Melancholy New Year

Today is the last day of my almost-two-weeks-off from work (I decided not to take Monday, December 23 off, although almost everyone else seemed to). We had a mix of busy-and-lazy for most of it: We went to San Francisco one day, Half Moon Bay another day, walked downtown on Christmas Day and got Italian for lunch, watched Star Wars: The Rise of Skywalker, watched a bunch of TV and movies at home, and had people over to hang out and play some games on New Years Eve afternoon. We’ve also been working on a puzzle, something we haven’t done in many years.

Debbi went back to work on Thursday, but I took a couple more days off, mostly hanging around at home.

But I’ve been feeling kinda down since New Year’s. A little of it is watching “The Time of the Doctor” leading up to midnight on New Year’s Eve – it’s not a very good episode – manipulative and frustrating in various ways – but its manipulativeness certainly includes the obligatory sadness that’s accompanied most Doctor Who regeneration stories since “Logopolis”. But this was the least of it – it just set the tone heading into the new year. (We shoulda just turned on one of the generic New Years Eve shows, but we had inertia after watching the far superior “The Day of the Doctor” previously.)

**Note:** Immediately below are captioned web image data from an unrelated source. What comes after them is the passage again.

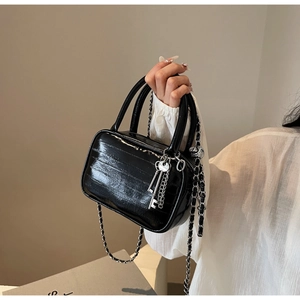 Dettaglio della borsa boston in vernice nera lucida con catena d'argento e charm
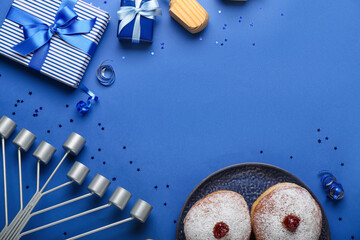 Frame made of plate with donuts, menorah and gifts for Hanukkah celebration on blue background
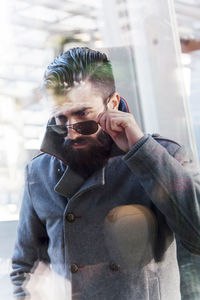 Side view of young man looking through window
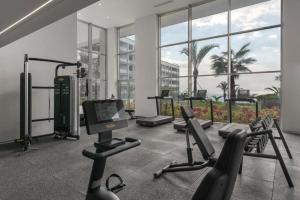 a gym with cardio equipment in a building with windows at Madeira Palace Ocean View in Funchal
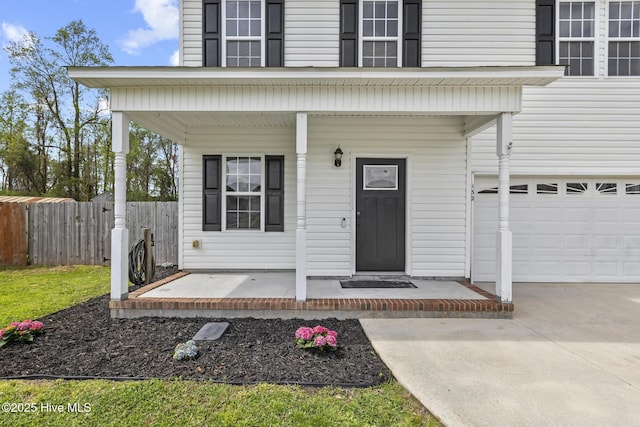 view of exterior entry featuring concrete driveway, a porch, fence, and an attached garage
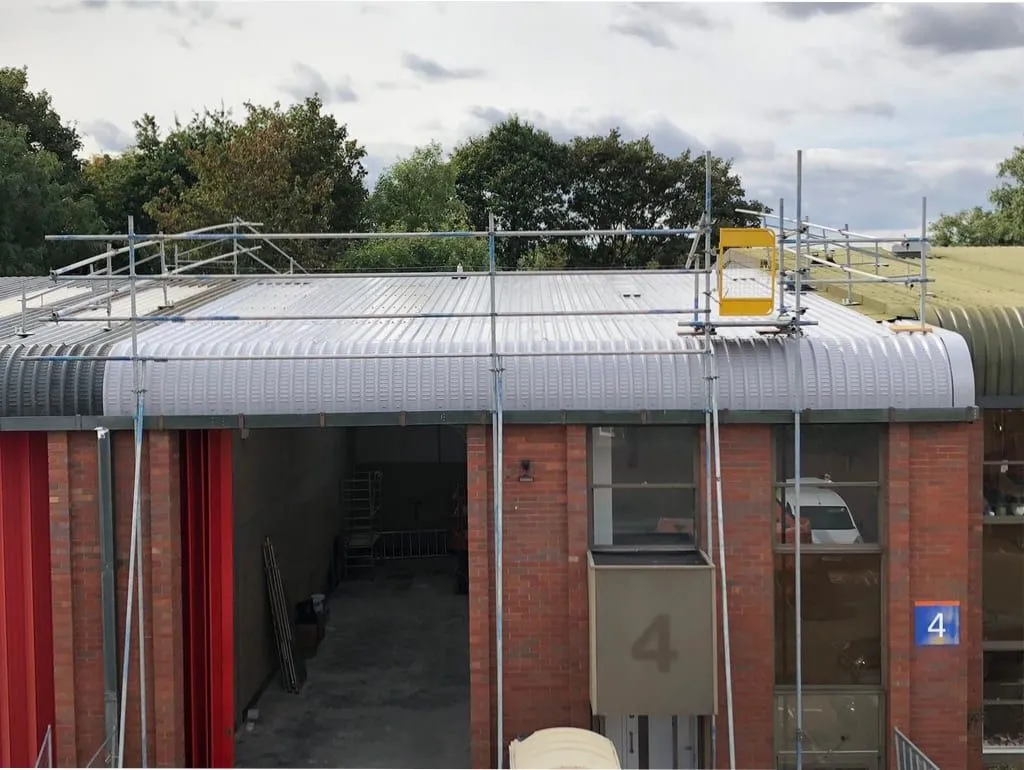 Newly installed curved metal roof sheets on an industrial unit (illustrative)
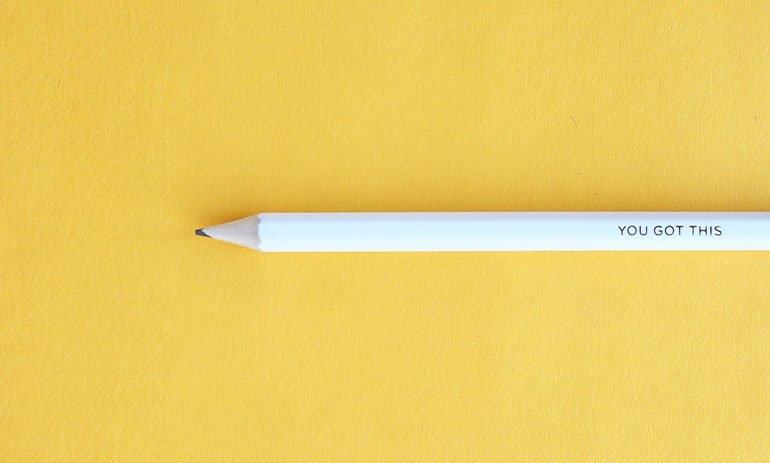 Pencil with the words "you got this on" printed on it, on a yellow background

I think some of it is my age. I’ve been trying to think and talk about my age less since my birthday last year, but it’s difficult sometimes. This year I started thinking that I’ve probably got less than 40 more New Years to experience myself. Realistically unless I get in much better shape, I probably won’t be around to see 2060. We also have our 16-year-old cat, Roulette, who is really in great shape for her age, but we probably won’t have her for many more New Years either, and if she declines like Newton did over his last two years, it won’t be an easy time. Stuff I think of when the calendar rolls over, I guess.

Or maybe it’s a touch of seasonal affective disorder. Or despair over Trump’s latest act of idiocy and its fallout. Or not being ready to go back to work. Or being more ready to go back to work and get back to my routine than I realize. I dunno.

Anyway, I’m sure I’ll get over it. I have a puzzle to complete.